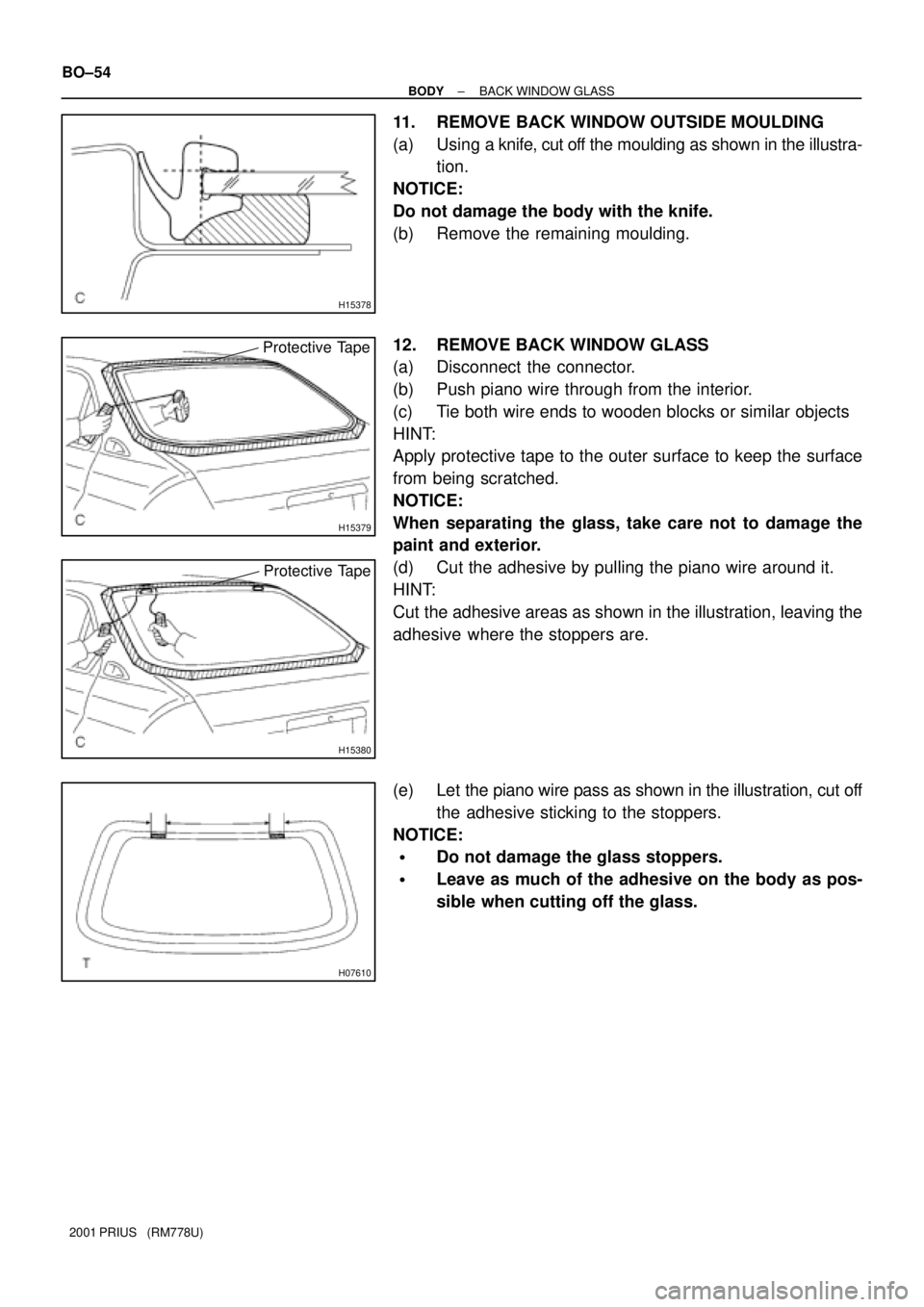 TOYOTA PRIUS 2001 Service Repair Manual H15378
H15379
Protective Tape
H15380
Protective Tape
H07610
BO±54
± BODYBACK WINDOW GLASS
2001 PRIUS (RM778U)
11. REMOVE BACK WINDOW OUTSIDE MOULDING
(a) Using a knife, cut off the moulding as sho TOYOTA PRIUS 2001 Service Repair Manual H15378
H15379
Protective Tape
H15380
Protective Tape
H07610
BO±54
± BODYBACK WINDOW GLASS
2001 PRIUS (RM778U)
11. REMOVE BACK WINDOW OUTSIDE MOULDING
(a) Using a knife, cut off the moulding as sho
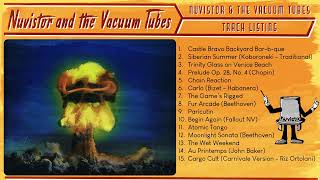 Nuvistor and the Vacuum Tubes  Actual Full Album  All Songs Included [upl. by Nylirehs]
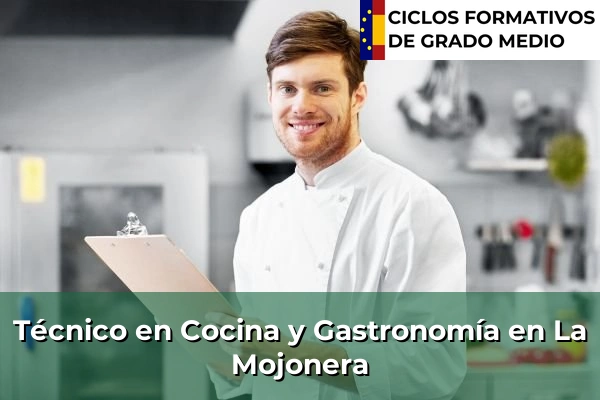 Técnico en Cocina y Gastronomía en La Mojonera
• • • •
Every line of the material must be repeated exactly; pictures stay out.

 TOYOTA PRIUS 2001 Service Repair Manual H15378
H15379
Protective Tape
H15380
Protective Tape
H07610
BO±54
± BODYBACK WINDOW GLASS
2001 PRIUS (RM778U)
11. REMOVE BACK WINDOW OUTSIDE MOULDING
(a) Using a knife, cut off the moulding as sho TOYOTA PRIUS 2001 Service Repair Manual H15378
H15379
Protective Tape
H15380
Protective Tape
H07610
BO±54
± BODYBACK WINDOW GLASS
2001 PRIUS (RM778U)
11. REMOVE BACK WINDOW OUTSIDE MOULDING
(a) Using a knife, cut off the moulding as sho
 Nuvistor and the Vacuum Tubes  Actual Full Album  All Songs Included [upl. by Nylirehs]
 Técnico en Cocina y Gastronomía en La Mojonera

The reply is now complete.